The semester is over at last, and my grades should be in by Monday. It has been a tiring semester, but not a bad one, with interesting courses in database implementation and parallel architectures, not to mention philosophy.
With the end of the semester comes a little more free time, and I have spent a chunk of it recreating my old procedural planet demo in Python/Pyglet.
The first big plus is that whereas my previous implementation was over 5,000 lines of C++ code, the python version is under 1,000 loc, plus a few hundred lines of tightly optimised C for the tile generation back end.
The other plus is that this version actually works. I finally found the time to fully implement the crack fixing algorithm, and the results are very good (although there are still a couple of unresolved edge cases).
I also implemented normal map generation in GLSL, to offload the computation to the GPU. This more than doubles the performance of tile generation, to the point where several tiles can be subdivided or combined each frame.
Wireframe of planet.
From a technical standpoint, the planet starts as a cube, and each face is subdivided to form a quad tree. For each tile at the deepest level of the quad tree, a small heightmap is generated using 32 octaves of 3-dimensional simplex noise. This heightmap is used to generate the vertices for the tile, and passed as a texture to the GPU in order to generate the normal map.
Because applying tangent-space normal maps to a sphere is an absolute nightmare, I take the unusual approach of generating object-space normal maps. These are considerably more expensive to generate, but avoid the tangent-space mismatch at cube edges, and look fairly decent in practice.
Interestingly, this version allows one to fly right down to the planet surface, and maintains interactive framerates even on my Intel integrated X3100 (complete with the awful Mac drivers). By the time I add atmosphere shaders and detail textures, I expect that I will have to switch over to my desktop, but for now, I am very happy with the performance.

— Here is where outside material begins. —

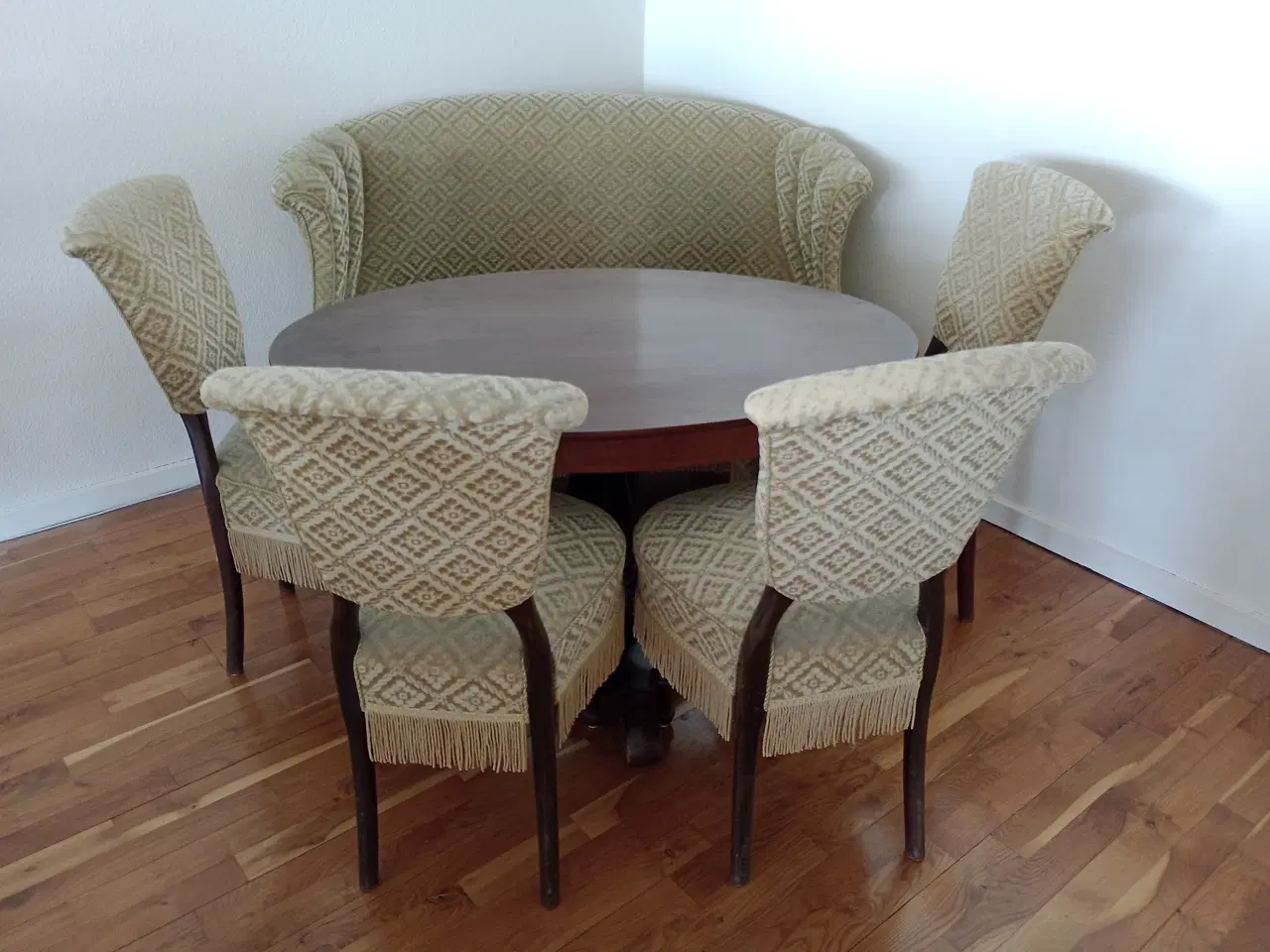 Billede 1 - Vintage sofa + bord 4 stole
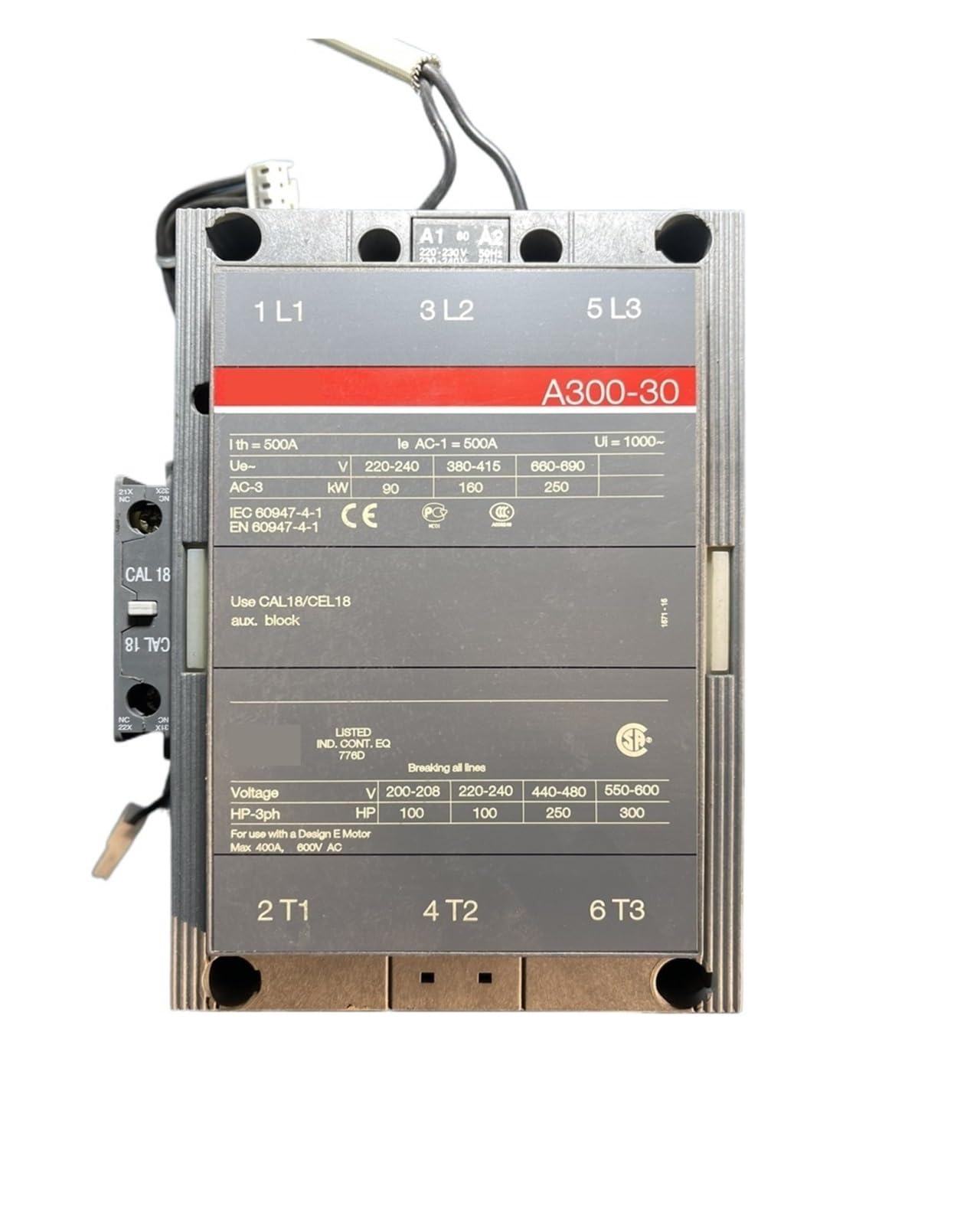A300-30-11 Contacteur CA AC380V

Of course, there are still several challenges to overcome, in particular the issue of depth buffer precision. The planet you see above does not suffer from a lack of depth buffer precision, but it is only 1/10 scale of the Earth, and ideally I would like to be able to render gas giants on the order of Jupiter as well. This requires some clever on-the-fly adjustment of the camera frustum, and I don’t quite have a handle on the best way to accomplish it.